## Purpose:

This notebook will begin as a walkthrough of my data cleaning, resulting in function(s) that can be called in a .py script to clean the fangraphs data and prep it for analysis.

In [1]:
import os
import sys

import pandas as pd
import numpy as np

sys.path.append('/Users/John/Documents/allProjects/genericfunctions')

from sklearn.tree import DecisionTreeRegressor
from sklearn.model_selection import RandomizedSearchCV, GridSearchCV, train_test_split
from sklearn.ensemble import RandomForestRegressor

from scipy.stats import randint

from FBB_points import *
import warnings
warnings.filterwarnings("ignore")

seedA = 73

### Import data and take a head


#### *Batters*
A lot of these columns won't apply to fantasy baseball. There are a few projected points columns, but that won't work for leagues with custom scoring, as such we need to drop them, all of the columns of NaNs and some of the advanced stats that don't count for scoring.

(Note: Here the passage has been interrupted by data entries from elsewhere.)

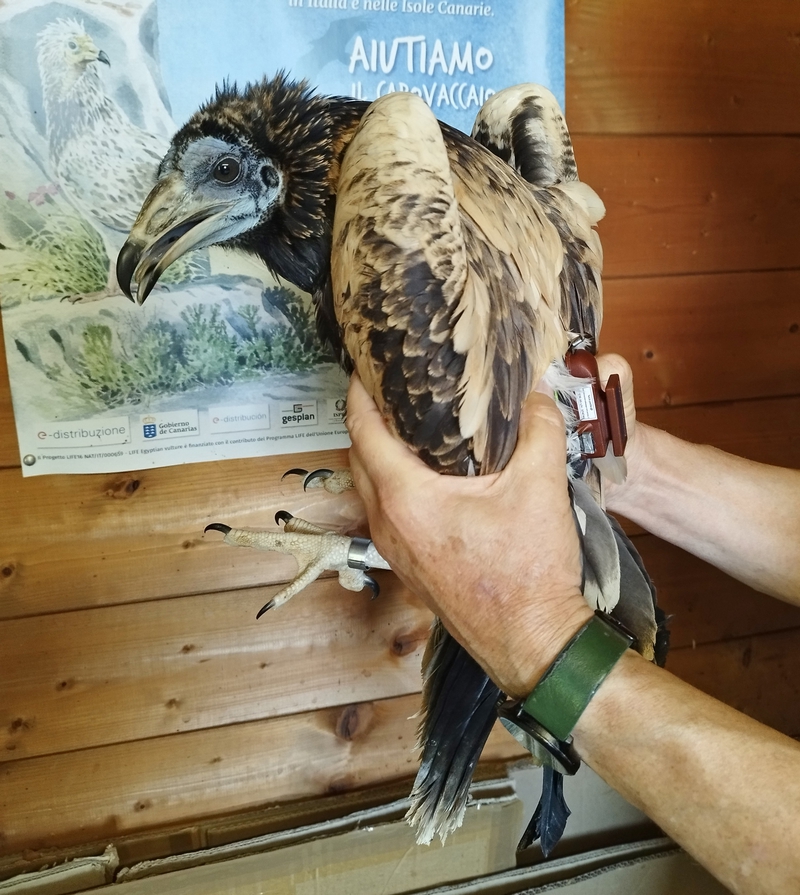 Egyptian Vulture Hugo leaves Malta safely after 3 days of constant monitoring
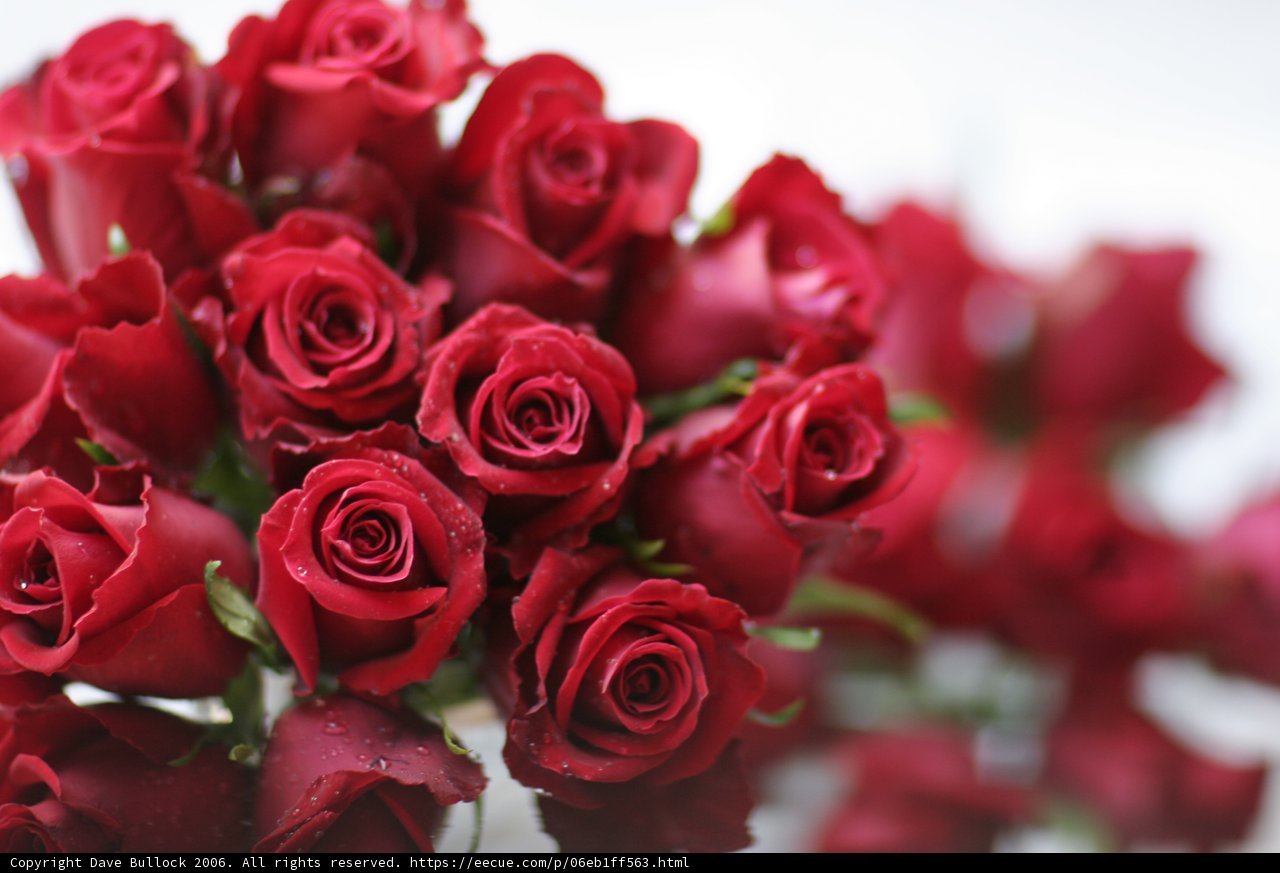 A Beautiful Bouquet of 13 Red Roses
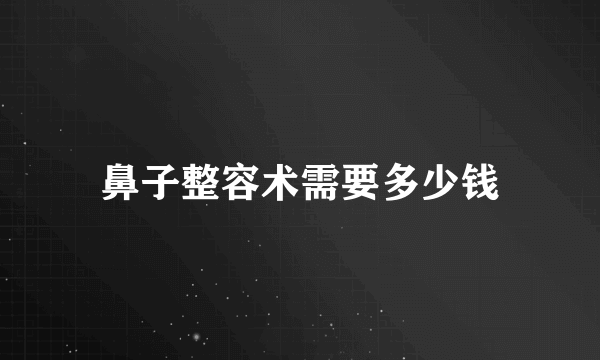 鼻子整容术需要多少钱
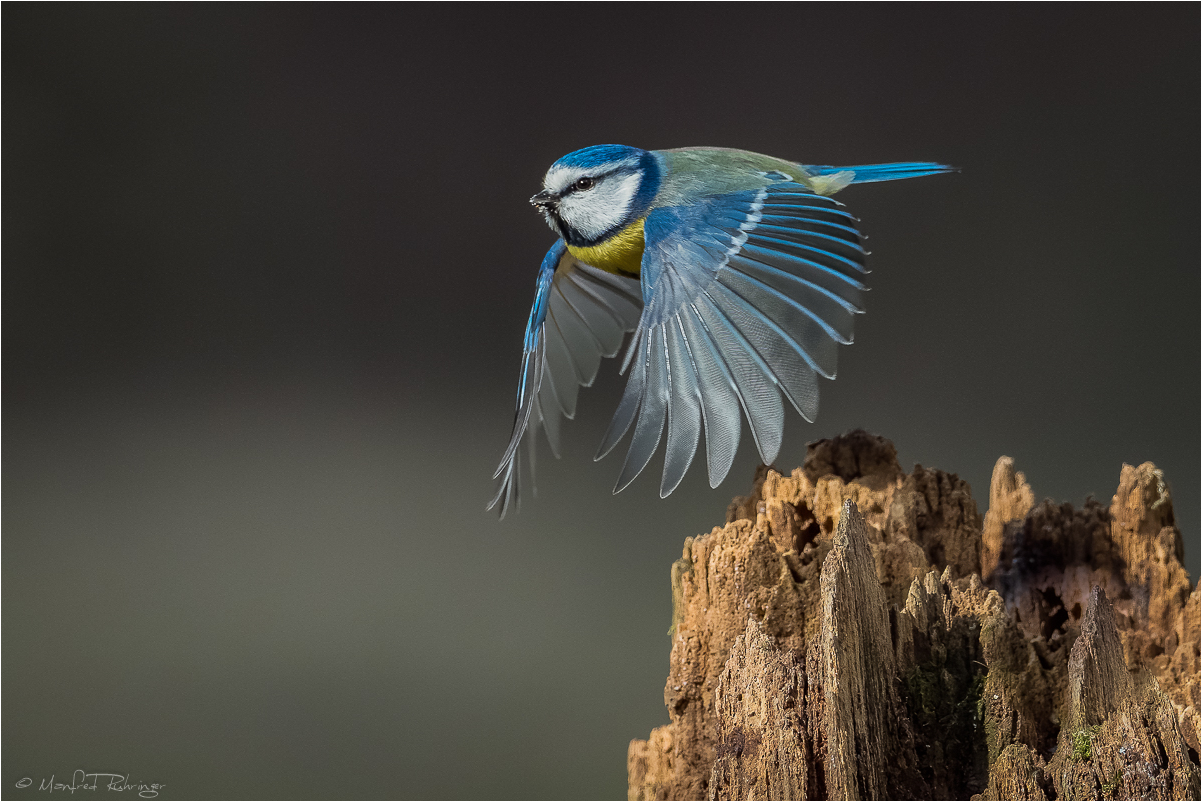 -- Blaumeise --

It's worth noting that some of these stats apply to categories leagues, but this tool is designed specifically for points, so I'm going to drop OBP, OPS, etc.

In [2]:
batters = pd.read_csv(vars['data_raw'] + vars['batters_filename'])
print(batters.columns)
batters.head()

Index(['Name', 'Team', 'G', 'PA', 'AB', 'H', '1B', '2B', '3B', 'HR', 'R',
       'RBI', 'BB', 'IBB', 'SO', 'HBP', 'SF', 'SH', 'GDP', 'SB', 'CS', 'AVG',
       'BB%', 'K%', 'BB/K', 'OBP', 'SLG', 'wOBA', 'OPS', 'ISO', 'Spd', 'BABIP',
       'UBR', 'wSB', 'wRC', 'wRAA', 'wRC+', 'BsR', 'Fld', 'Off', 'Def', 'WAR',
       'ADP', 'InterSD', 'InterSK', 'IntraSD', 'Vol', 'Skew', 'Dim', 'FPTS',
       'FPTS/G', 'SPTS', 'SPTS/G', 'P10', 'P20', 'P30', 'P40', 'P50', 'P60',
       'P70', 'P80', 'P90', 'TT10', 'TT20', 'TT30', 'TT40', 'TT50', 'TT60',
       'TT70', 'TT80', 'TT90', 'NameASCII', 'PlayerId', 'MLBAMID'],
      dtype='object')


Unnamed: 0,Name,Team,G,PA,AB,H,1B,2B,3B,HR,...,TT30,TT40,TT50,TT60,TT70,TT80,TT90,NameASCII,PlayerId,MLBAMID
0,Aaron Judge,NYY,159,686,559,158,80,28,0,50,...,,,,,,,,Aaron Judge,15640,592450
1,Juan Soto,NYM,159,686,539,149,87,27,2,34,...,,,,,,,,Juan Soto,20123,665742
2,Shohei Ohtani,LAD,151,651,564,164,84,32,5,43,...,,,,,,,,Shohei Ohtani,19755,660271
3,Bobby Witt Jr.,KCR,159,686,623,180,105,37,8,30,...,,,,,,,,Bobby Witt Jr.,25764,677951
4,Gunnar Henderson,BAL,157,679,593,163,97,30,7,29,...,,,,,,,,Gunnar Henderson,26289,683002


In [3]:
batters = batters[['Name', 'Team', 'PlayerId', 'AB', 'H', '1B', '2B', '3B', 'HR', 'R', 'RBI', 'SO', 'SB', 'CS']]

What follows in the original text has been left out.